Politicians play politics, even in the ethics process


“Now is not the time to play politics simply because an election is looming in a few weeks,” Sen. Susan Collins said as she cast a vote to filibuster the defense authorization bill that contained a repeal of Don’t Ask Don’t Tell, a measure that she supported.

I saw this line last week as I watched the usually somnolent and despairing Inside Washington hosted by Gordon Peterson on PBS. Peterson immediately echoed my own thoughts upon hearing Collins’ predictable pronouncement. And I paraphrase, “Right before an election seems like the best time to play politics to me.”

This is sort of the no s— statement of past thirty years, where all pundits and politicians bemoan politics as they practice it. It’s also an acknowledgment that Sen. Collins’ statement itself is a political play. All politics is political and all politicians practice politics. Everyone should know this by now and stop complaining about politicians being political.

That being said, I come to the Republicans on the House Ethics Committee playing politics right before an election. Committee Republicans are demanding that Chair Zoe Lofgren hold ethics trials for embattled congressmen Charlie Rangel and Maxine Waters. This public call is a serious break in committee decorum and represents an attempt to politicize the ethics trials even more than they already have been.

The Democrats, of course, postponed the trials for political reasons too. Do you think that the Democrats want to go into the toughest election they’ve faced in sixteen years with two prominent members facing trials and verdicts? Hell no! So they postpone the trials, which makes the Republicans try to make some noise off of it.

Politicians playing politics. Get used to it.

Now I’m not going to condemn the political maneuvering here, but I will point out the obvious. A congressional ethics process that relies on self-regulation will ultimately reach undesirable conclusions that increase cynicism in the public and reduce trust in our elected officials. The process will also, invariably, become mucked up by politics as these are politicians judging other politicians, sometimes of the opposing party.

The Office of Congressional Ethics, an independent body that members of both parties are unhappy with, is already working to increase the accountability of the ethics process. Instead of bemoaning accountability and a stable ethics process, lawmakers should embrace it by maintaining and expanding the Office of Congressional Ethics.

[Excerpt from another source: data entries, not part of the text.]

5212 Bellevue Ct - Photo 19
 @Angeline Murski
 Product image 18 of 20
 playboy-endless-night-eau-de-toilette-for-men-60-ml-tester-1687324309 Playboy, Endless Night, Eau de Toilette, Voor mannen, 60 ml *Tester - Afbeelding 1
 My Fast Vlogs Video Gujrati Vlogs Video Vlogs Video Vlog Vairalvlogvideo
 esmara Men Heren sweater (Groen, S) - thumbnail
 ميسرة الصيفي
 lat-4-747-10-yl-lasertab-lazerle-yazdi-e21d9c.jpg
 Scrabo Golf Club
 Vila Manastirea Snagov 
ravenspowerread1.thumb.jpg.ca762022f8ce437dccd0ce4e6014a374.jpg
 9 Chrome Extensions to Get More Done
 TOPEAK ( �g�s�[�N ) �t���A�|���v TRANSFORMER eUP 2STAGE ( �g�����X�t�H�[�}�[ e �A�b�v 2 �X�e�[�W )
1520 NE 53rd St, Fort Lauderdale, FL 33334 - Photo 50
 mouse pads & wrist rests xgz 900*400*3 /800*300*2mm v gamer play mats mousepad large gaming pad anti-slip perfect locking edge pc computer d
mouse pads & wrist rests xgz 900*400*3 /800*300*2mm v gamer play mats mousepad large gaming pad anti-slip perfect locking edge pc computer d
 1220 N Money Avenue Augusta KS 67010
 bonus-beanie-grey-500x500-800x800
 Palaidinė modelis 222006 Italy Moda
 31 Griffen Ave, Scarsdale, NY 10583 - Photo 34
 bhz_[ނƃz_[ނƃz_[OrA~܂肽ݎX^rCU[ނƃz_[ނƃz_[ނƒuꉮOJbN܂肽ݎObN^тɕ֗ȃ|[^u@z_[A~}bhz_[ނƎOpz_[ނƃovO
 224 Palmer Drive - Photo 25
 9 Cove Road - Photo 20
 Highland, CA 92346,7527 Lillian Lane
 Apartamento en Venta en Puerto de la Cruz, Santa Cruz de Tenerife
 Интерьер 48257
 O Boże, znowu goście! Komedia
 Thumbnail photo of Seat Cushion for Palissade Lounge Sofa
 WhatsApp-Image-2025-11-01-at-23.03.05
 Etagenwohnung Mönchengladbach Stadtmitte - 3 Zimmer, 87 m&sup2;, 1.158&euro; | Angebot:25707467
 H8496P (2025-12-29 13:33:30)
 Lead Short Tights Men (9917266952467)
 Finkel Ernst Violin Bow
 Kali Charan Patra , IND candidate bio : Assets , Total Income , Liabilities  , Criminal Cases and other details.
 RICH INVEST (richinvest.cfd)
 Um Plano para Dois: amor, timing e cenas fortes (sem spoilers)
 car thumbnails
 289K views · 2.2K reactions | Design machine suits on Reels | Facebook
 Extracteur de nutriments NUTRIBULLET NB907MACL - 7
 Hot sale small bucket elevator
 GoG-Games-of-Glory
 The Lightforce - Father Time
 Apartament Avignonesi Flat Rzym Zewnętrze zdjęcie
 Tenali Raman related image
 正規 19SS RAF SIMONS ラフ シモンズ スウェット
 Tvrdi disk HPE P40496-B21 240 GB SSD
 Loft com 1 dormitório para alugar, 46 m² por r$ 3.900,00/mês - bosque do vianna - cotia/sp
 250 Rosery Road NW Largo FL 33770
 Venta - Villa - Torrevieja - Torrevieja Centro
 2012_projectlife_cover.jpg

My colleague Lisa Rosenberg wrote about the need to double the office’s budget next year, “As Congress struggles to redeem its reputation in the eyes of the public, it should be loathe to return to the days when representatives were solely responsible for policing their own. Both parties should demonstrate their commitment to transparency and accountability by giving the OCE the power and the budget to continue the good work it has begun.”

Seeing how the ethics process can be so quickly fouled by politics, it’s time for both parties to help increase the independence of ethics oversight.